I always did the custom white balance before shooting, if I forgot I simply looked for the white in the pic and balanced from there...
 
I think the same issues are present whether you are setting a custom white balance in the camera or doing it in post production. In both cases, the algorithms are the same. In either case, trying to white balance off of a blown out white card will result in problems.

I agree that white balancing before shooting is ideal, but it only works when the light doesn't change. Some lights change color temperature frequently, so it doesn't work for them.

As for white balancing against whites found in your picutre, it's a "good enough" technique. Again, you need to make sure that the white you are using isn't blown out. You also need to be aware that most "white" things aren't precisely neutral, so you probably won't be dead on. It'll be good enough for almost anything that doesn't require precision white balance. Assuming that you use the same "white" in each shot, it'll also have the benefit of consistency across pictures.

If you didn't do a custom WB before shooting and you have a lot of shots in the same lighting, you can usually work out the white balance for one shot and then copy the same setting to all of your other shots.

If you really find the subject fascinating, Photoshop Color Correction is an old but good book on the subject.
 
I think the same issues are present whether you are setting a custom white balance in the camera or doing it in post production. In both cases, the algorithms are the same. In either case, trying to white balance off of a blown out white card will result in problems.

I agree that white balancing before shooting is ideal, but it only works when the light doesn't change. Some lights change color temperature frequently, so it doesn't work for them.

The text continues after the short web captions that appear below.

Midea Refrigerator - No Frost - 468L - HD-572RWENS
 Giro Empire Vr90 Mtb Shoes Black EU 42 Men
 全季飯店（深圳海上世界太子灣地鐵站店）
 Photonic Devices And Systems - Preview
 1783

As for white balancing against whites found in your picutre, it's a "good enough" technique. Again, you need to make sure that the white you are using isn't blown out. You also need to be aware that most "white" things aren't precisely neutral, so you probably won't be dead on. It'll be good enough for almost anything that doesn't require precision white balance. Assuming that you use the same "white" in each shot, it'll also have the benefit of consistency across pictures.

If you didn't do a custom WB before shooting and you have a lot of shots in the same lighting, you can usually work out the white balance for one shot and then copy the same setting to all of your other shots.

If you really find the subject fascinating, Photoshop Color Correction is an old but good book on the subject.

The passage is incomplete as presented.